A rider who hit a kangaroo on an outback NSW road in 2013 won his bid for compensation in the NSW Supreme Court for a blameless accident last year, but now the judgement is mired in the appeals process.
The rider was travelling south on the dirt road between Hungerford and Bourke in 2013 on an BMW F 650 GS Dakar when a kangaroo jumped out of the shadows and hit the rider, resulting in serious injuries.
Hungerford road is one of the long straight and wide red dirt and bull dust roads typical of the far west of NSW. It is only graded every six months or so and often corrugated, with low scrub on both sides.
A claim for injury compensation was made under the NSW CTP no-fault insurance scheme.
The CTP insurer rejected the claim on the basis that the driver in a single vehicle accident was not entitled to claim under the NSW CTP scheme and secondly that it was not a blameless accident due to the speed the rider was travelling at even though it was under the 100km/h speed limit for the road.
The case required thorough examination of the way the NSW legislation is written to determine the ability of the rider to make the claim and then examination of whether the speed of the rider was a factor in the cause of the accident.
The court case found that under the NSW CTP scheme a rider or driver is entitled to claim where the accident is not as a result of their own actions or in other words is a “blameless accident”. This is an important legal point for riders and drivers.
Secondly the Judge accepted the rider’s judgement that the speed at the time of the accident was appropriate in the road conditions at the time of the accident. It is not often a rider’s judgement is accepted over the experts who are brought into a case years after the fact of an accident.

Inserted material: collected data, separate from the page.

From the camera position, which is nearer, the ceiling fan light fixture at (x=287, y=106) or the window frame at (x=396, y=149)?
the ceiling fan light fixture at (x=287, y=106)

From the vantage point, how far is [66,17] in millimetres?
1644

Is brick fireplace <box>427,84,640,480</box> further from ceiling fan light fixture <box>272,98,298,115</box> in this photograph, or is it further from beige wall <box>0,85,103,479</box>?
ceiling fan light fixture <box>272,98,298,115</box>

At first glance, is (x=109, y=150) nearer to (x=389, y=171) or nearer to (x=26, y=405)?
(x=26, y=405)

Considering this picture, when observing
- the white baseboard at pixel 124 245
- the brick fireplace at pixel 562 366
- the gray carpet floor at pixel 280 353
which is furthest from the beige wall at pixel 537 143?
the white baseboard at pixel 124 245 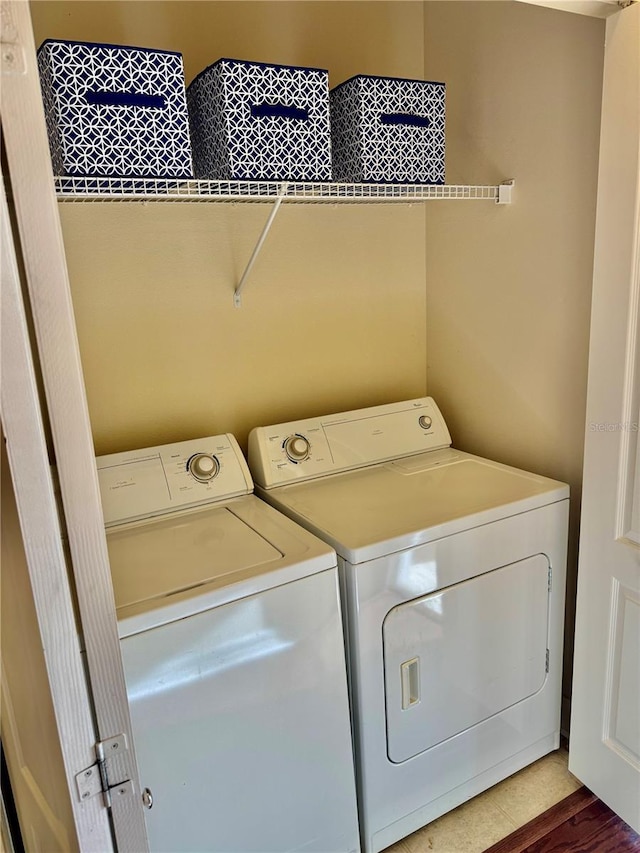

One aspect of the case and a previous case brought before the courts which is worth noting is that if the rider had swerved to avoid the kangaroo he may not have been entitled to claim as the resultant accident may have been considered due to his actions not the actions of the roo.
However, the judgement was appealed and a new decision handed down that also pointed out that it doesn’t matter if you perceive a threat and have no time to react.
Now that decision is subject to yet another appeal, so the final judgement on where riders stand when they hit fauna or stray livestock is still up in the air, at least in NSW.
The laws may vary from state to state and it s best to seek legal help to recover damages in a motorcycle crash with livestock or fauna.